VDJ Erklärung zu den Ermittlungen des Internationalen Strafgerichtshofs in Israel/Palästina
PRESSEMITTEILUNG der VDJ vom 08. März 2021:
VDJ begrüßt die Entscheidung der Chefanklägerin des Internationalen Strafgerichtshofs, Ermittlungen wegen der in Palästina begangenen Kriegsverbrechen einzuleiten
Vor fünf Jahren, 2015, hatte die palästinensische Regierung die Chefanklägerin des Internationalen Strafgerichtshofs (IStGH), Fatou Bensouda, aufgefordert, die Kriegsverbrechen im Gaza-Krieg von 2014 zu untersuchen. Nach palästinensischen Angaben waren damals 2251 Palästinenserinnen und Palästinenser und 73 Israeli umgekommen. Im gleichen Jahr 2015 hatte die Regierung Palästinas Beitritt zum IStGH erklärt und war vom Gericht wie vom Generalsekretär der UNO akzeptiert worden.

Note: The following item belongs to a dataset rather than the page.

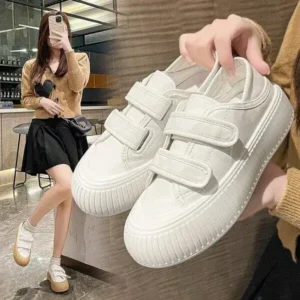 Simkimtim Women Fashion Round Toe Thick Sole Velcro Pu Sneakers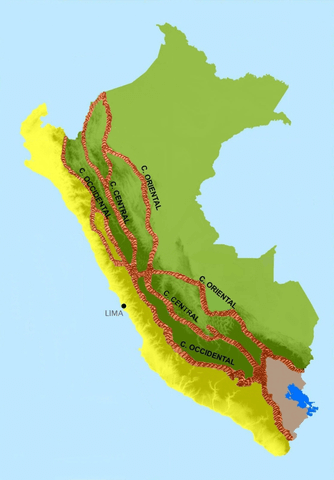 Map of Peru and its cordilleras: the Cordillera Blanca is located in the north-central part of the Cordillera Occidental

Nun hat der Gerichtshof am 5. Februar 2021 seine Zuständigkeit für den israelisch-palästinensischen Konflikt erklärt. Sie erstreckt sich nicht nur auf den Gaza-Krieg von 2014, sondern auch auf die Erschießung von 180 Demonstrantinnen und Demonstranten während der Gedenkmärsche 2018 im Gazastreifen und die Siedlungspolitik im Westjordanland und Ostjerusalem. Die Ermittlungen sollen sich sowohl gegen Kriegsverbrechen der Israelis wie der Hamas richten.
Die Entscheidung des Gerichtshofs bedeutet noch keine Anerkennung der Staatlichkeit Palästinas, sie stellt aber einen großen Erfolg in seinem Bestreben dar, als Staat von der UNO anerkannt zu werden. 122 Staaten haben das bisher schon getan. Für die Mitgliedschaft im IStGH und anderen Organisationen der UNO ist der Beobachterstatus ausreichend, den die UNO-Generalversammlung Palästina schon im November 2012 zuerkannt hatte.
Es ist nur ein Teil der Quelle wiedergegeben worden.